**WHAT NEEDS TO BE DONE**
From the material beneath, pull every line with the word "Home".

------------------------------------------------

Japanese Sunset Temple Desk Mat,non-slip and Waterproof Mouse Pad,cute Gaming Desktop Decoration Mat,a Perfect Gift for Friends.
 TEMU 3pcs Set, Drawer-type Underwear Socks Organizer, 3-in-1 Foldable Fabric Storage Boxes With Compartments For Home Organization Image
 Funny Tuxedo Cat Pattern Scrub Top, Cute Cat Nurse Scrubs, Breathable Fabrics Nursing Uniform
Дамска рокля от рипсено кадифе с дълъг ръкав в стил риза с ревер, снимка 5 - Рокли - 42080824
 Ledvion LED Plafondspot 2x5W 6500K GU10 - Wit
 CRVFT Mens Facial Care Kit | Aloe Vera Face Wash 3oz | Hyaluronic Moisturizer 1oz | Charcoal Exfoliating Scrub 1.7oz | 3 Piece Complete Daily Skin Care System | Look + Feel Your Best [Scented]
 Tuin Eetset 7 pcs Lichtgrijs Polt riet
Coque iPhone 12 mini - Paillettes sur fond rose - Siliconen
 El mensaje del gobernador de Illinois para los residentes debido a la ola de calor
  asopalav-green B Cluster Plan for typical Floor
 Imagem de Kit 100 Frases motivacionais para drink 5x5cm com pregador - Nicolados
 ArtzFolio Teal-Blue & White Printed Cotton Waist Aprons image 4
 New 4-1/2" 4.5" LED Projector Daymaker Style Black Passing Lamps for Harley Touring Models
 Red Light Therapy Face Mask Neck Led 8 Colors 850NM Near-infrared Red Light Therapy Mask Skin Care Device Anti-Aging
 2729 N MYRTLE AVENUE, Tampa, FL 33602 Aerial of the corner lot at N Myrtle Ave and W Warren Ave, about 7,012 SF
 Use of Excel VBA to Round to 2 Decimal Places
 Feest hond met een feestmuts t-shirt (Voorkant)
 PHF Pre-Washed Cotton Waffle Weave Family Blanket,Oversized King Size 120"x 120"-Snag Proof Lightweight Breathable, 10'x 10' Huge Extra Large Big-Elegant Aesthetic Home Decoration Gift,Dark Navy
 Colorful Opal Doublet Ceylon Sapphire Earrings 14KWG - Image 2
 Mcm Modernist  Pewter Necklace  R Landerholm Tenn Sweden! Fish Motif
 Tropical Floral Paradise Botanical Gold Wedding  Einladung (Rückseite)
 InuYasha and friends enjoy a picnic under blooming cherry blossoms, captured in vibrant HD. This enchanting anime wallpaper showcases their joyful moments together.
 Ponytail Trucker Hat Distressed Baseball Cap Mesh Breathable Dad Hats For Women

------------------------------------------------

**TASK RESPONSE**
 TEMU 3pcs Set, Drawer-type Underwear Socks Organizer, 3-in-1 Foldable Fabric Storage Boxes With Compartments For Home Organization Image
 PHF Pre-Washed Cotton Waffle Weave Family Blanket,Oversized King Size 120"x 120"-Snag Proof Lightweight Breathable, 10'x 10' Huge Extra Large Big-Elegant Aesthetic Home Decoration Gift,Dark Navy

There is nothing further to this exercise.